What the exercise asks: The lines from the one containing "HLA/Hailan House Men's" through the last line below, both ends included, must be reproduced exactly, with no pictures.

Short web captions:

══════

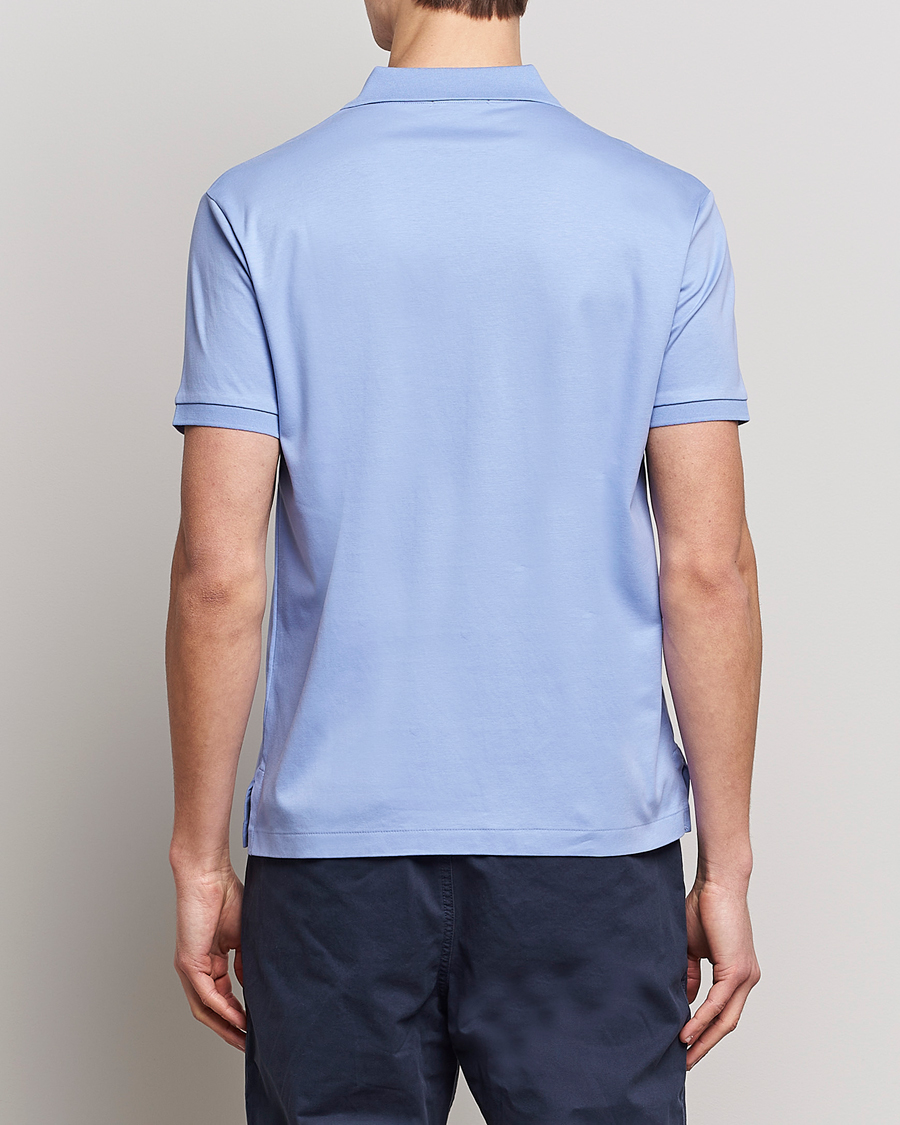 Herr | Pikéer | Polo Ralph Lauren | Luxury Pima Cotton Polo Lafayette Blue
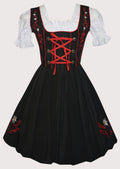 Flattering Women's Dirndl with Embroidered Details for Cultural Events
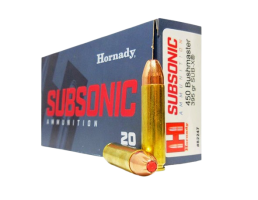 Hornady Subsonic 395 gr Sub-X .450 Ammo, 20/box - 82247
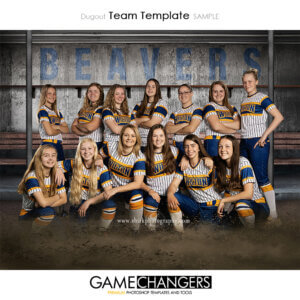 Dugout baseball softball Main Photoshop Template Digital Background Sports Game Changers Shirk Photography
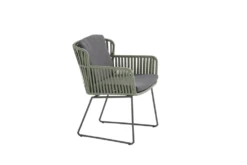 Vitali Dining Stoel - Groen - Incl. Kussens -Buitentuinwinkel vitali dining stoel groen incl kussens 4 2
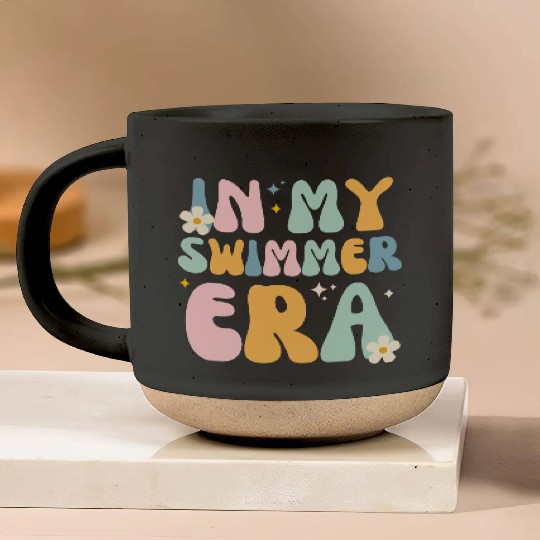In my swimmer era - Swim Swimming Pool  Pottery Mugs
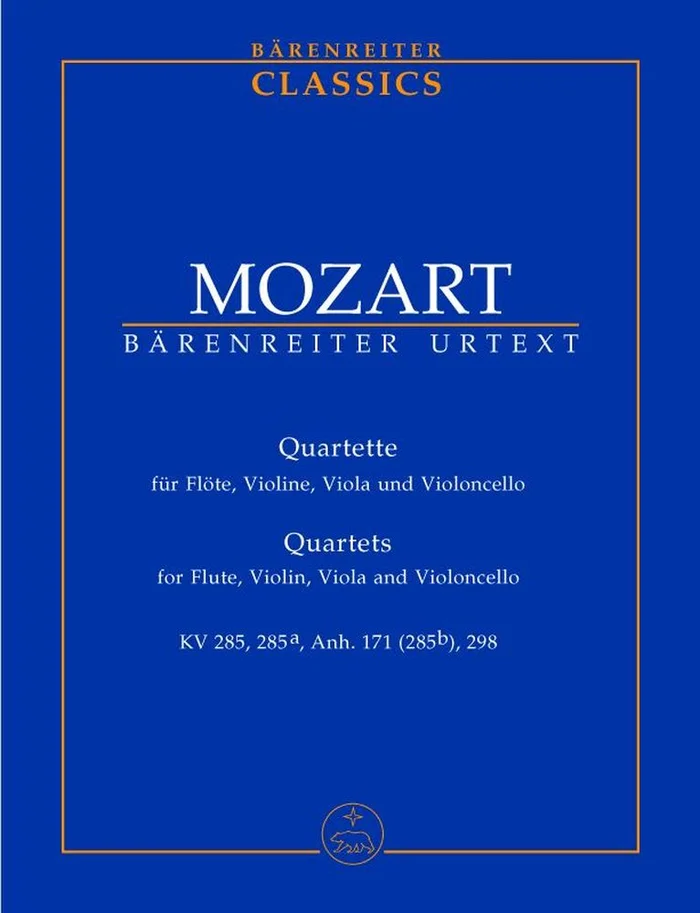 Barenreiter Moz W.A. – Quette Fur Flote, Violine, Viola Und Violoncello – Conducteur Poche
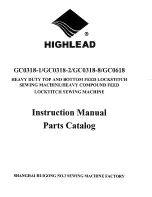 HIGHLEAD GC0318-1 Instruction Manual Parts Catalog предпросмотр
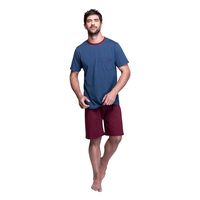 Pijama Verano Algodón Hombre Top Color-2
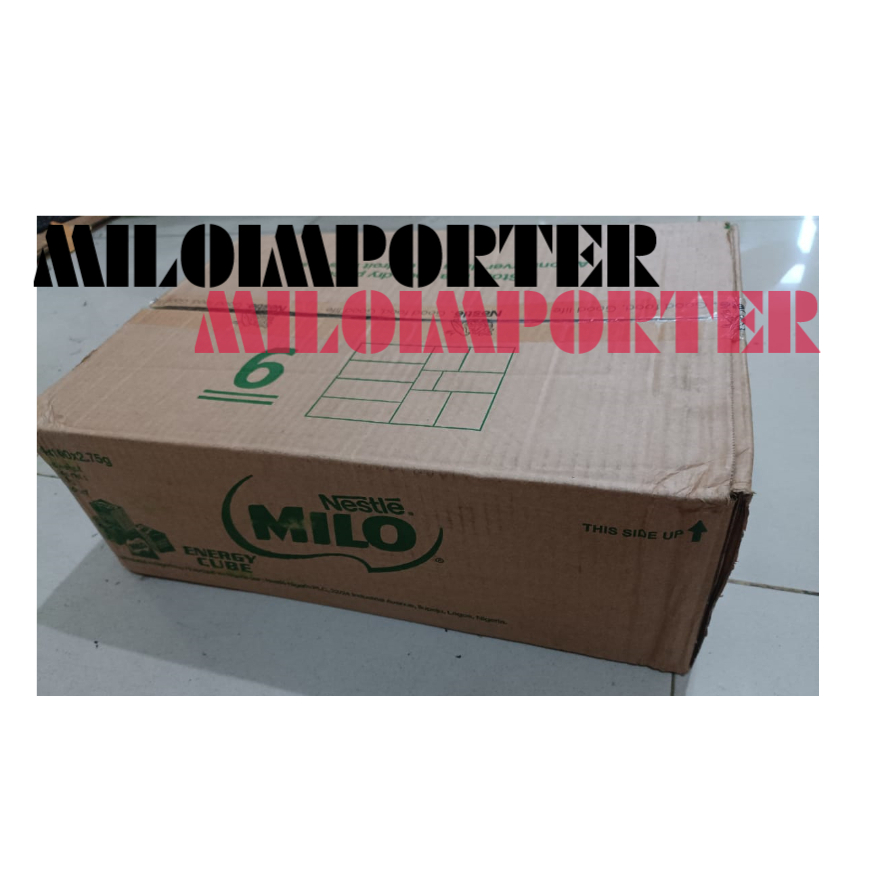 

MILO CUBE JUMLAH BESAR 7 Dus (Tujuh Dus/Pitu Dus)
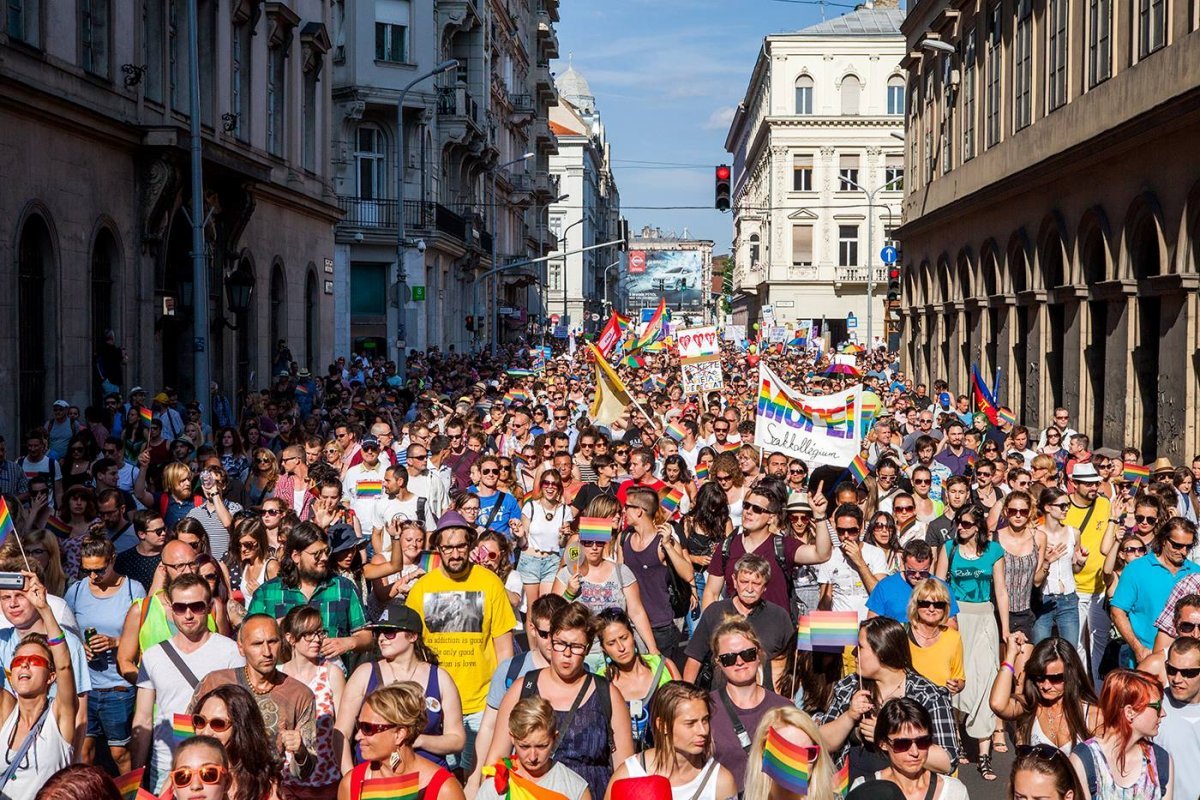 Budapest pride event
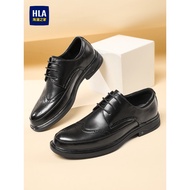 HLA/Hailan House Men's Shoes 2026 New Style Summer Groom Wedding Shoes Business Leather Shoes Men Br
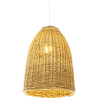Buy Rattan Ceiling Lamp - Boho Bali Style Pendant Lamp - Lie Natural wood 60041 - in the EU
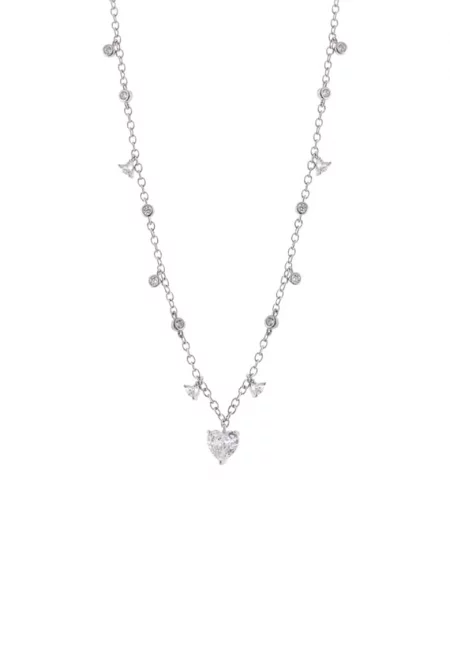 Колие Happy Hearts с покритие от 18k злато и циркони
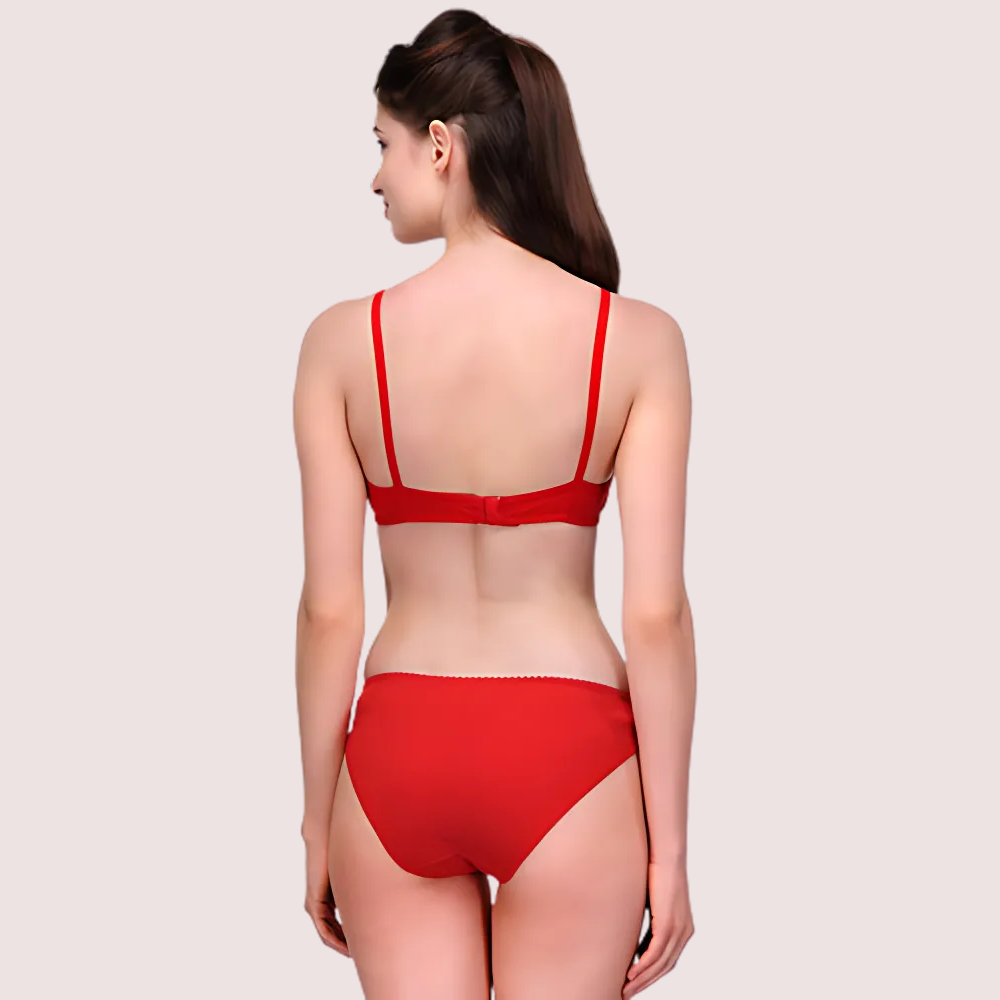 Elegant Solid Color Bra Sets (Pack Of 3)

══════

Worked solution:
 HLA/Hailan House Men's Shoes 2026 New Style Summer Groom Wedding Shoes Business Leather Shoes Men Br
Buy Rattan Ceiling Lamp - Boho Bali Style Pendant Lamp - Lie Natural wood 60041 - in the EU
 Колие Happy Hearts с покритие от 18k злато и циркони
 Elegant Solid Color Bra Sets (Pack Of 3)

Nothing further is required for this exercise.